[Stored items]
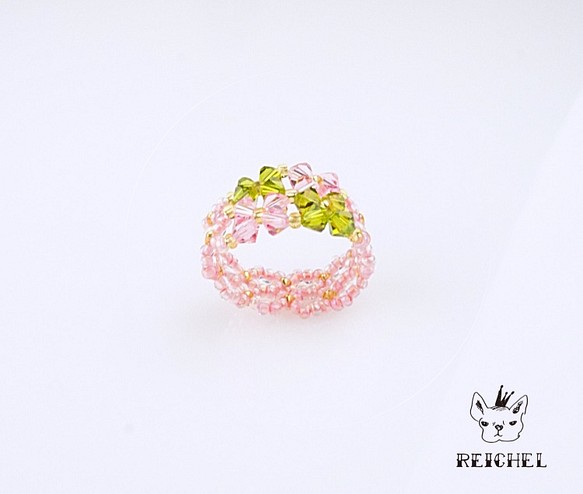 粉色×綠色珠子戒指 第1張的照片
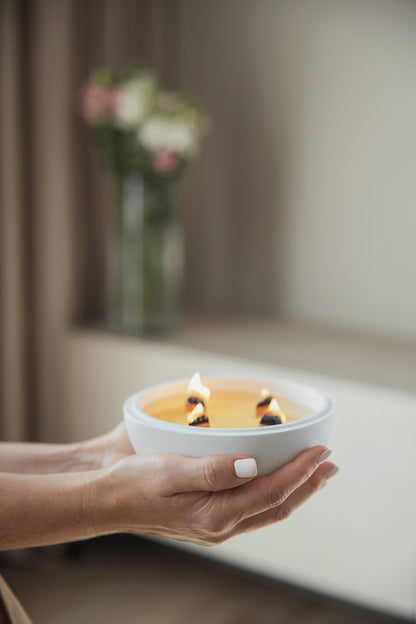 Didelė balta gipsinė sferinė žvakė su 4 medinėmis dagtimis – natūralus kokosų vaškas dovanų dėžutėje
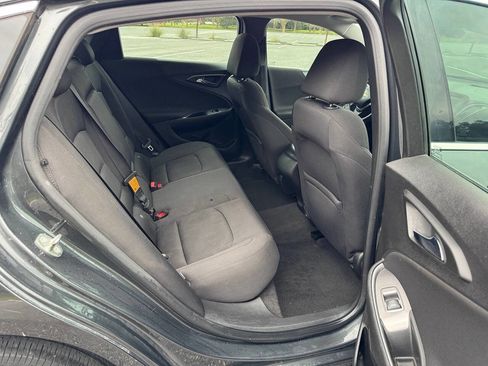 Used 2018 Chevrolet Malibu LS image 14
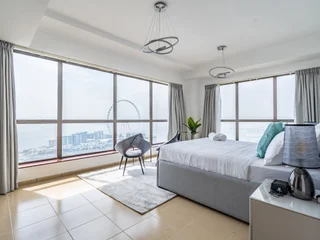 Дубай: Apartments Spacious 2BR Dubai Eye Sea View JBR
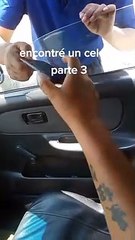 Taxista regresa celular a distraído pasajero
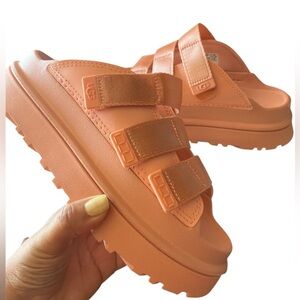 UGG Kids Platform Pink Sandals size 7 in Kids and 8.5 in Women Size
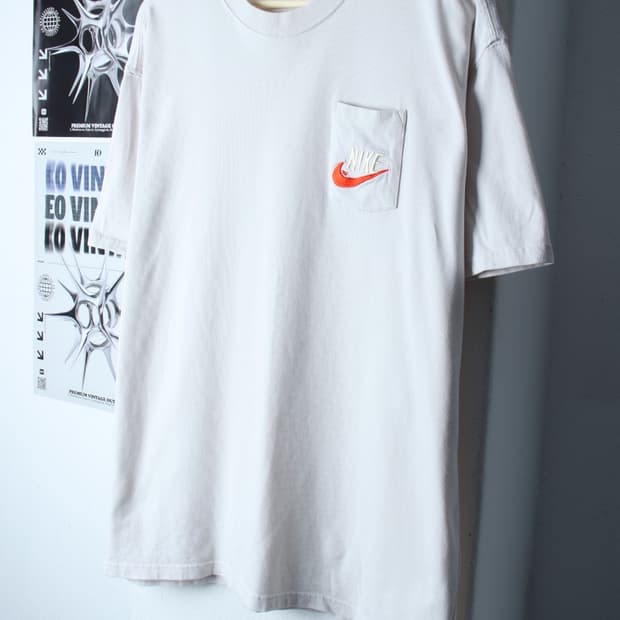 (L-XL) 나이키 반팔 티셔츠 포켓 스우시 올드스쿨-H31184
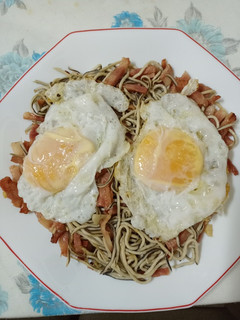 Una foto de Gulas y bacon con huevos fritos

Work instruction
Start at the line holding "UGG Kids Platform" and stop at the last line of the entries above. Repeat those lines exactly, pictures excluded.

Solution
 UGG Kids Platform Pink Sandals size 7 in Kids and 8.5 in Women Size
 (L-XL) 나이키 반팔 티셔츠 포켓 스우시 올드스쿨-H31184
 Una foto de Gulas y bacon con huevos fritos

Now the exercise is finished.